Pour tout vous dire, monsieur Vasselle, j'ai entendu les responsables des jeunes agriculteurs, et je puis vous assurer que ces derniers sont favorables à l'assurance récolte.
M. Gérard César, rapporteur. Tout à fait !
M. Jean-Paul Emorine, président de la commission des affaires économiques. Je crois donc que le Parlement est ici dans son rôle, M. le ministre ayant pour sa part apaisé les craintes que nous pouvions éprouver.
Quant à la participation des collectivités territoriales au financement du dispositif, j'indiquerai à Mme Herviaux, ainsi qu'à MM. Pastor et Piras, que, dans mon département, à l'époque où j'étais responsable de la commission des affaires agricoles au sein du conseil général, nous incitions financièrement les jeunes à souscrire l'assurance grêle. Or, aujourd'hui, la donne a complètement changé, puisque l'Etat apporte sa contribution. Etait-ce le cas entre 1997 et 2002 ?
M. Jean-Marc Pastor. Mais avec la mission qui vient d'être confiée aux présidents des caisses de Groupama, on voit bien quelle est la tendance !
M. Jean-Paul Emorine, président de la commission des affaires économiques. L'Etat verse maintenant une participation, qui n'est pas négligeable, pour favoriser le développement de l'assurance récolte. Si un groupe d'assurances se tourne vers les conseils généraux pour obtenir un complément à cette aide, c'est son affaire, mais il existe tout de même dans notre pays plus d'une compagnie d'assurances susceptible de s'intéresser à l'agriculture ! A cet égard, la concurrence doit jouer.
Tel est l'esprit qui sous-tend cet amendement. Il s'agit à mes yeux d'essayer d'inscrire définitivement l'entreprise agricole dans le contexte européen et, surtout, comme l'a souligné M. Bizet, dans le cadre établi par l'OMC.
M. le président.
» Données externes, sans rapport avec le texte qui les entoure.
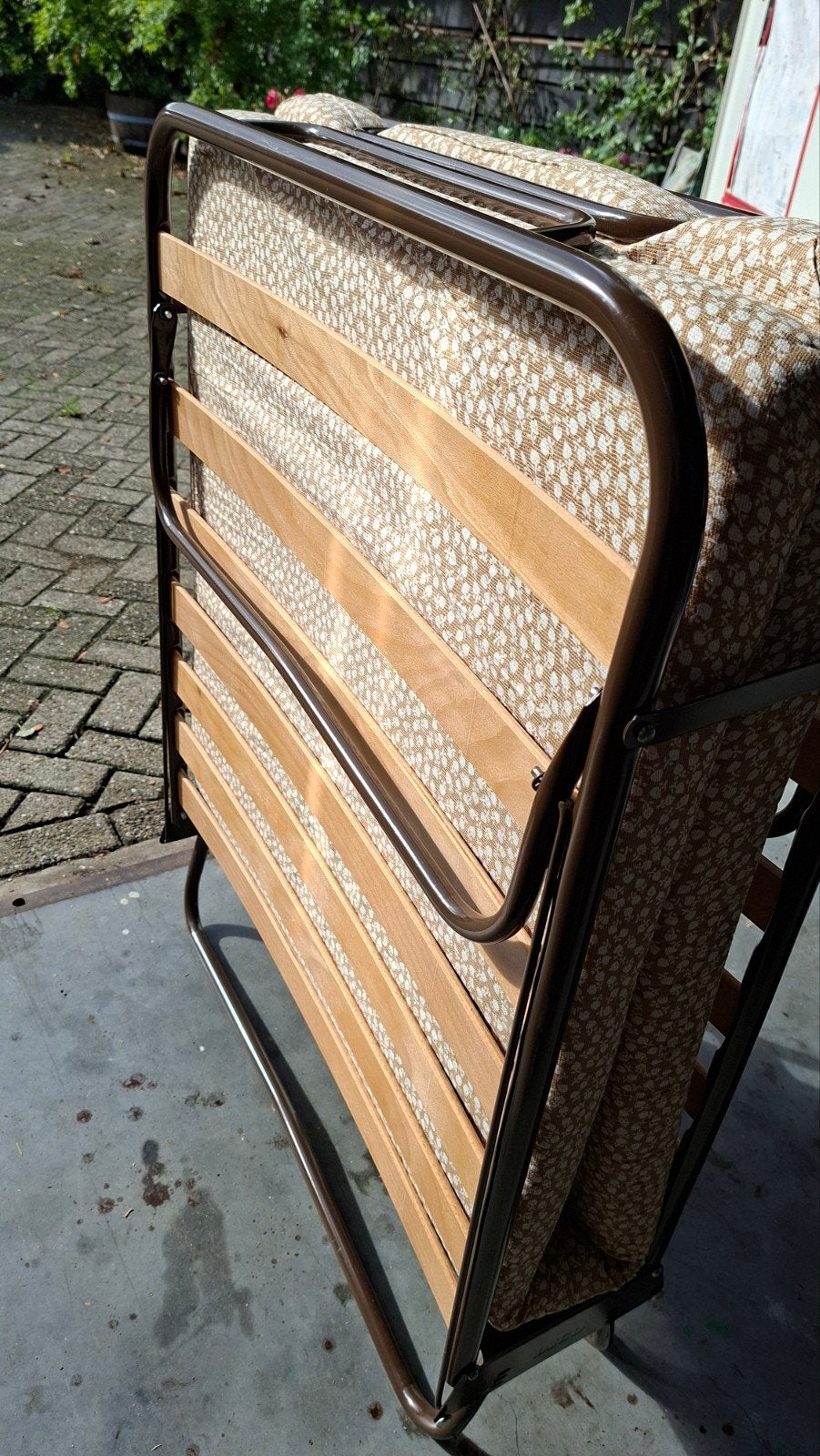 Opklapbaar logeerbed met matras, Huis en Inrichting, Ophalen, Gebruikt, Eenpersoons, Bruin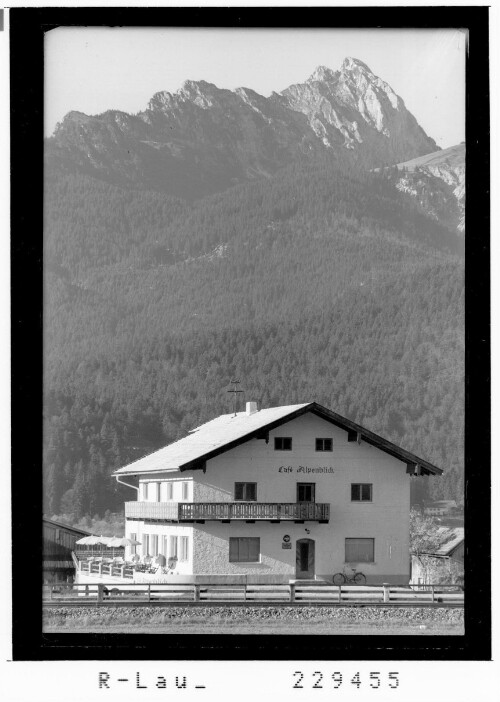 [Cafe Alpenblick in Pflach im Ausserfern gegen Gehrenspitze / Tirol]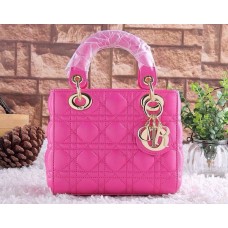 Cena repliki torebki Dior Lady Default Totes ze skóry jagnięcej Cena repliki torebki Dior Lady Default Totes ze skóry jagnięcej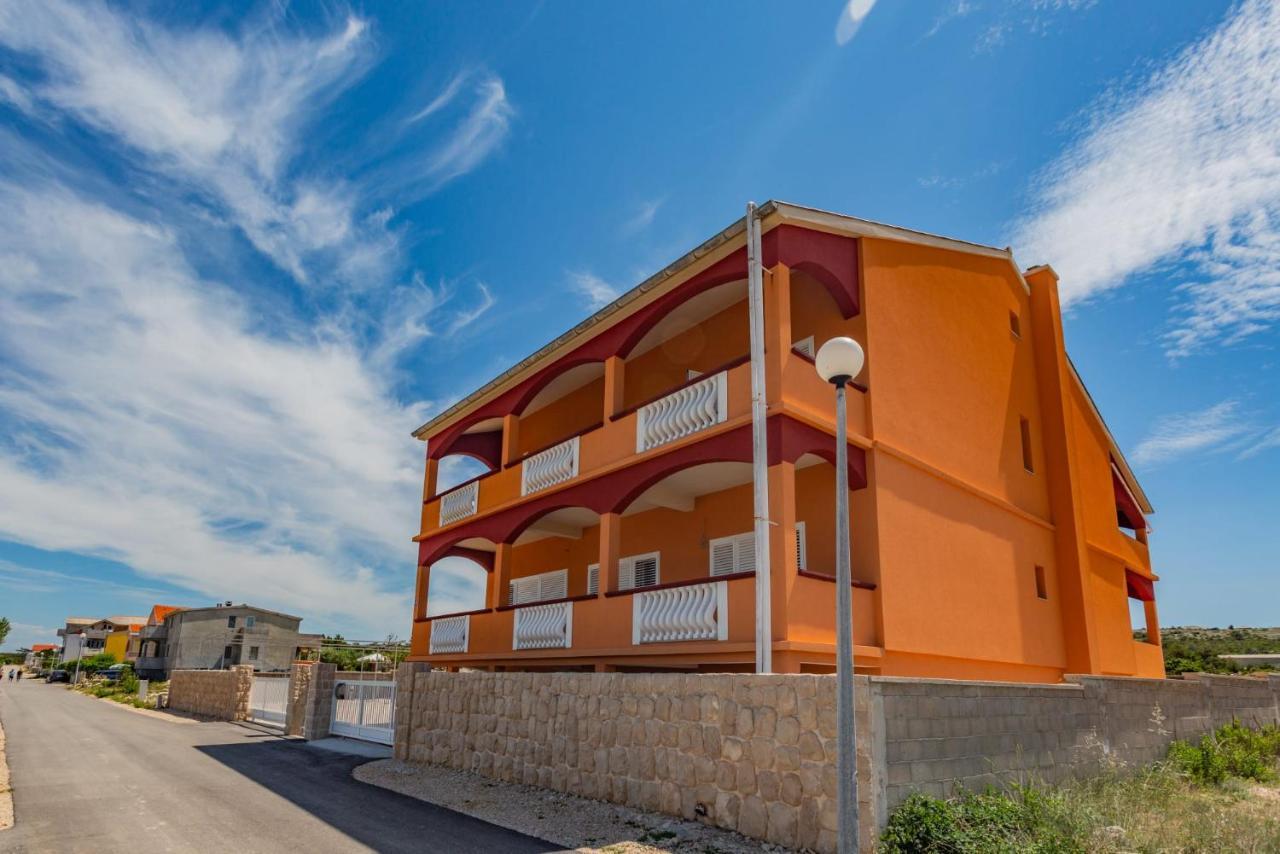 Kameni Put Appartement Ražanac Buitenkant foto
La parole est à M. Bernard Piras, pour explication de vote.
M. Bernard Piras. Eu égard aux hésitations de M. le président de la commission et de M. le rapporteur, qui semblent toutefois avoir été levées, il serait préférable, à mon sens, que le caractère facultatif de l'assurance récolte soit explicitement mentionné dans le texte de l'amendement. Cela permettrait de rassurer tout le monde !
M. le président. La parole est à M. Gérard Le Cam, pour explication de vote.
M. Gérard Le Cam. On ne peut naturellement qu'être favorable à l'existence et au développement d'un système d'assurance récolte.
Cela dit, nous ne partageons pas, j'ai déjà eu l'occasion de le dire lors de mon intervention dans la discussion générale, la philosophie sous-tendant la mise en oeuvre de cette assurance récolte, qui, à notre sens, affaiblira le FNGCA et entraînera un recul de la solidarité nationale, au profit des assureurs privés.
Encore faudra-t-il, d'ailleurs, que ceux-ci jouent le jeu. En effet, dans un autre domaine - mais qui est quelque peu comparable, celui de l'assurance dommages ouvrage -, on constate tout simplement, sur le terrain, que les grands groupes d'assurances ne s'engagent plus.
En outre, je m'étonne que l'on puisse nous dire que prendre des mesures d'exonération fiscale - et elles sont nombreuses dans le projet de loi - ou aider au développement de l'assurance récolte n'engendrerait pas de distorsions de concurrence, mais que, en revanche, mettre en place des dispositifs de soutien des prix des denrées agricoles en créerait. J'avoue ne pas comprendre. Il faudra m'expliquer comment on peut raisonner ainsi au sein de l'OMC et des instances européennes : tout cela manque vraiment de logique !
M. le président. En conséquence, un article additionnel ainsi rédigé est inséré dans le projet de loi, après l'article 20. (M. Jacques Blanc applaudit.)
Mes chers collègues, nous allons maintenant interrompre nos travaux ; nous les reprendrons à vingt et une heures trente.
La séance est suspendue.
(La séance, suspendue à dix-neuf heures vingt-cinq, est reprise à vingt et une heures trente, sous la présidence de M. Philippe Richert.)